All that should be output is the block of lines below from the line with "Building Photo - 3871 W Mars St" to the line with "5 Bedroom House", both included, exactly as written.

▼

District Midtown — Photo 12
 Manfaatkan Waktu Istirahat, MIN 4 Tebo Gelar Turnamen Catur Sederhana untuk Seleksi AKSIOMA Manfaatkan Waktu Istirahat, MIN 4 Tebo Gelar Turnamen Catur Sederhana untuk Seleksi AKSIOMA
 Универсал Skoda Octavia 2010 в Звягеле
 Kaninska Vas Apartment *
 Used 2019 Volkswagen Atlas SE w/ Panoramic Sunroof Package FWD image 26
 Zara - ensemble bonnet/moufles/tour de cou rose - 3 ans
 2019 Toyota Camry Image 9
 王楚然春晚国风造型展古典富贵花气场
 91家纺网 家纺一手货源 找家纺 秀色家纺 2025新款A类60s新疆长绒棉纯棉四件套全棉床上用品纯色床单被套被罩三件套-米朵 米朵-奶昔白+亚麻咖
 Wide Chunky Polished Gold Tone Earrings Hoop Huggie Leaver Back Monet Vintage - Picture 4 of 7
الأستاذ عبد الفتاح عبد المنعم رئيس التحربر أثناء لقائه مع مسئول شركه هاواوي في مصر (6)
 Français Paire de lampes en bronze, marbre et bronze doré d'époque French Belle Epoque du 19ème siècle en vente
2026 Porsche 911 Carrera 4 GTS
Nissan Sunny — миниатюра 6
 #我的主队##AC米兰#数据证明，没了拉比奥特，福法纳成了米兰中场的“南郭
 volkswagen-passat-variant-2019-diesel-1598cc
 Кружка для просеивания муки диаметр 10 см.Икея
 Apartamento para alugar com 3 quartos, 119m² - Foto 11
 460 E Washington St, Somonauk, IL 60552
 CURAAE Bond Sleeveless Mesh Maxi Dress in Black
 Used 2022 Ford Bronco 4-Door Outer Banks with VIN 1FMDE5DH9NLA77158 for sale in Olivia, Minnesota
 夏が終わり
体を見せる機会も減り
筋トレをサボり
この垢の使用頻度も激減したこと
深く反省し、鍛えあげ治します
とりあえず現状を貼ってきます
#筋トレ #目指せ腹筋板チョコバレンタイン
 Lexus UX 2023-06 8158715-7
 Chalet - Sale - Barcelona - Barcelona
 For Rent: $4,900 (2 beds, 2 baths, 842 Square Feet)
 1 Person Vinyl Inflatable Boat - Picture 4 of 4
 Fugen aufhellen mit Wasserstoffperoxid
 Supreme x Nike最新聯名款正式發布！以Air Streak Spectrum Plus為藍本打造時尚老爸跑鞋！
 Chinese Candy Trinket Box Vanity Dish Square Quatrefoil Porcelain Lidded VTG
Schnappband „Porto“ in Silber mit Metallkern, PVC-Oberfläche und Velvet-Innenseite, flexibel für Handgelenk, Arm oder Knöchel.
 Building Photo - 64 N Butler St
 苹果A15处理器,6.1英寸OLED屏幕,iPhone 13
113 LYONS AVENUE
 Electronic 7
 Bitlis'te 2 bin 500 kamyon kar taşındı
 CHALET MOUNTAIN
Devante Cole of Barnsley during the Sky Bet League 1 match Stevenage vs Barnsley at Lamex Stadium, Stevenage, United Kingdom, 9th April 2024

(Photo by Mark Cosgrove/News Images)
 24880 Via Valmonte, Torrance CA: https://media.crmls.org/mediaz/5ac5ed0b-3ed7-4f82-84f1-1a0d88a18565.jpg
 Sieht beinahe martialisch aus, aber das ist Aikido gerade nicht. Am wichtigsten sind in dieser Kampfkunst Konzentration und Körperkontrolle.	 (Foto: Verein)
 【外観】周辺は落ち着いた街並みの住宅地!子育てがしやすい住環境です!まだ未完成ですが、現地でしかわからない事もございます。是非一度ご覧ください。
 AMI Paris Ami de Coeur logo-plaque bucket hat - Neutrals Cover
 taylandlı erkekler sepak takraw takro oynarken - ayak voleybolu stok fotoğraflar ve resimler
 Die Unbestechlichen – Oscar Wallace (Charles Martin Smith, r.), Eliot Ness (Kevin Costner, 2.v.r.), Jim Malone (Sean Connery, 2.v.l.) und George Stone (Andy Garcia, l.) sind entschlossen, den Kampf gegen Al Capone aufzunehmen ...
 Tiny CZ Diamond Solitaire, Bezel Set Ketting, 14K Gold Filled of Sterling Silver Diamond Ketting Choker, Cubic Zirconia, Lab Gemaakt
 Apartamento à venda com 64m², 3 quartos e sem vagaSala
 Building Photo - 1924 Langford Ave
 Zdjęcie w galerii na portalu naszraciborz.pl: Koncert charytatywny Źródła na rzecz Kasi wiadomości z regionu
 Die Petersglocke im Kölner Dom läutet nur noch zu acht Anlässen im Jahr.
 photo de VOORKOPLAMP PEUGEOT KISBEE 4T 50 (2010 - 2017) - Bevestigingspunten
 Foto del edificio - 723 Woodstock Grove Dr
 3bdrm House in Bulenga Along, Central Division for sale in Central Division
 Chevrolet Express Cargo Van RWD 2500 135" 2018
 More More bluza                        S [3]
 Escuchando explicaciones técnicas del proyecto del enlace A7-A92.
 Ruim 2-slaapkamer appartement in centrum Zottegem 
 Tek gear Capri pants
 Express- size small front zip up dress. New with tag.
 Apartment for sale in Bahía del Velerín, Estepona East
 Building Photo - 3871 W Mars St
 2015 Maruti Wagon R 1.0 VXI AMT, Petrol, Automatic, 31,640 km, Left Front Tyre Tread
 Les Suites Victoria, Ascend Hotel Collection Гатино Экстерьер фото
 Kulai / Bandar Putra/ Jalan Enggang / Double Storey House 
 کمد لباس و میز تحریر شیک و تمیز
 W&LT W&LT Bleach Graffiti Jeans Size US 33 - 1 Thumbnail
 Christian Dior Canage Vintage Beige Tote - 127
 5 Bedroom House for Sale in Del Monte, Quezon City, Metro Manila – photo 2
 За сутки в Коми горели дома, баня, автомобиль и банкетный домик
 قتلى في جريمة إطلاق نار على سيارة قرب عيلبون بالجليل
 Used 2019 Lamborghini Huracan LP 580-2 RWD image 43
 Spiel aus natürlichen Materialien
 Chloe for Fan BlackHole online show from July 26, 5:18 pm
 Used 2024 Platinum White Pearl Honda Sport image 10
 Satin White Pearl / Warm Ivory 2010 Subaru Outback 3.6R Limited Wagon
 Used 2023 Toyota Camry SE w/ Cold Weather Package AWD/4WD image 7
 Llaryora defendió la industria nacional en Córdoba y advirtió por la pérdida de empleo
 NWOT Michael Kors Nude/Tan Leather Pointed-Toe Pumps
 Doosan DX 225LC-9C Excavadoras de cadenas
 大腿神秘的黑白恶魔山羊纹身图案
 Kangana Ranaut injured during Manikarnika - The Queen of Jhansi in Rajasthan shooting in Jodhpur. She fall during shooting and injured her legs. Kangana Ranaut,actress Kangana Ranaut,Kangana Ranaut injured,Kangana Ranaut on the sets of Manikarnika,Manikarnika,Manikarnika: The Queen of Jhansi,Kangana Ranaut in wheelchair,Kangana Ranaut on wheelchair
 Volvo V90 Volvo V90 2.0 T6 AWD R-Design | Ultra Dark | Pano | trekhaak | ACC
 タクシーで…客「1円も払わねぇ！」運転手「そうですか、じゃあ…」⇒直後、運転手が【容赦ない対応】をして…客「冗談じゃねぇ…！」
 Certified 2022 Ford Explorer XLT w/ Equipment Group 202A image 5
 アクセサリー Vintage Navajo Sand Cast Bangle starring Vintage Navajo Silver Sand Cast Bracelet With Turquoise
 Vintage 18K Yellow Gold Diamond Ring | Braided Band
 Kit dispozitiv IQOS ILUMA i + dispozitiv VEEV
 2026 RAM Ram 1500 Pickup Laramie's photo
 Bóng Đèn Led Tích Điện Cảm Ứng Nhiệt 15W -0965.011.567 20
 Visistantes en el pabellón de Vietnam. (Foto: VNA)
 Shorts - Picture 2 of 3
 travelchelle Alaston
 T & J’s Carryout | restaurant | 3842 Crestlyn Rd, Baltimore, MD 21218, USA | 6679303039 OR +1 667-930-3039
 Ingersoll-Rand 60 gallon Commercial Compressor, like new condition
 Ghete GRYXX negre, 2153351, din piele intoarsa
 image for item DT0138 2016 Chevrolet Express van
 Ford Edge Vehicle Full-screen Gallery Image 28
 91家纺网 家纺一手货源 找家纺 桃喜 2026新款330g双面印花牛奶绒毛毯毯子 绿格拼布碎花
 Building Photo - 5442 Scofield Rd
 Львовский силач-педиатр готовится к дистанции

▲

• The completed task:
 Building Photo - 3871 W Mars St
 2015 Maruti Wagon R 1.0 VXI AMT, Petrol, Automatic, 31,640 km, Left Front Tyre Tread
 Les Suites Victoria, Ascend Hotel Collection Гатино Экстерьер фото
 Kulai / Bandar Putra/ Jalan Enggang / Double Storey House 
 کمد لباس و میز تحریر شیک و تمیز
 W&LT W&LT Bleach Graffiti Jeans Size US 33 - 1 Thumbnail
 Christian Dior Canage Vintage Beige Tote - 127
 5 Bedroom House for Sale in Del Monte, Quezon City, Metro Manila – photo 2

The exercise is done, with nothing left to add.